Conveniently forgot, right? Yeah.

John-Michael Keyes:

Actually, as the school district saw the benefit of it, they began training, not just Jefferson County public safety, but law enforcement, fire and EMS from around the state and then the country. Navy SEAL team has been there.

They secured long-term funding, and it got rechristened the Frank DeAngelis Center for Community Safety. What was Martensen Elementary is now a full-on public safety training venue. I think last year, I looked pre-COVID, they had something like 70 different agencies doing nearly 200 days of training in that building.

Bill Godfrey:

That's a lot. That's the kind of stuff that really, really makes a difference, I know. Wow. Fantastic stuff. Well, hey, congratulations on getting the briefings done. I'm really happy that things went well, especially with the virtual challenges. But you and I are here to talk about a new program that we're doing together called SSAVEIM, School Safety and Violent Event Incident Management. You want to tell the group, tell the audience what this is about?

John-Michael Keyes:

Yeah. We developed the Standard Reunification Method in 2012. It was based on practices that we saw around the country in how districts could successfully reunify students with parents, with accountability, and accommodating for psychological first aid. It started gaining some traction. In 2016, we released version two.

It was some time after that, when I saw a training of the Active Shooter Incident Management, ASIM, and the Counterstrike method of functional exercise in a classroom environment. It was fascinating to me. You and I got to talking, and I said, "Wouldn't it be cool if we did something like this for reunification?" I'm pretty sure it was during dinner, and perhaps a drink, because you agreed.

Bill Godfrey:

It's funny how those things ... Yeah. For the audience, if you ever end up at dinner with John-Michael, watch out. It comes fast and furious. Yeah.

But I think it was a really great thing. We did it in a couple stages. As you mentioned, we first modified the Counterstrike training system to support being able to do full functional reunifications with students, and the paperwork, and the attendants, and the teachers, and the role players, and the responders and everything else.
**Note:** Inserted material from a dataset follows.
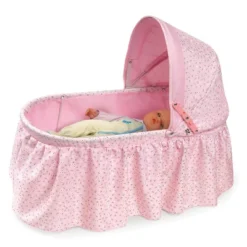 Badger Basket Folding Doll Cradle With Rosebud Fabric -Children Products Store GUEST 34b5af4c 850e 4e7a 9e66 1786565e3499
We began working that into the course that we do, our ASIM courses. We've got a suite of those Active Shooter Incident Management courses. We also built that into our simulation system that we use on the road for doing the advanced class. There's 3D first-person point-of-view system we can use for doing reunification, and then also the Counterstrike.

It wasn't very long after that that you and I were talking again. I believe the usual dinner setting was where it occurred. We started talking about ... I think I was asking you some questions. We were having some dialogue about some challenges that we were hitting in the reunification when we were running these exercises in these scenarios. Do you remember that?

John-Michael Keyes:

Absolutely. That was one of the things that...Your professional career, Bill, that fire chief occasionally comes out, and seasoned incident management, that practical crisis management where your boots-on-the-ground experience over your career, you pointed out some weaknesses in our methods.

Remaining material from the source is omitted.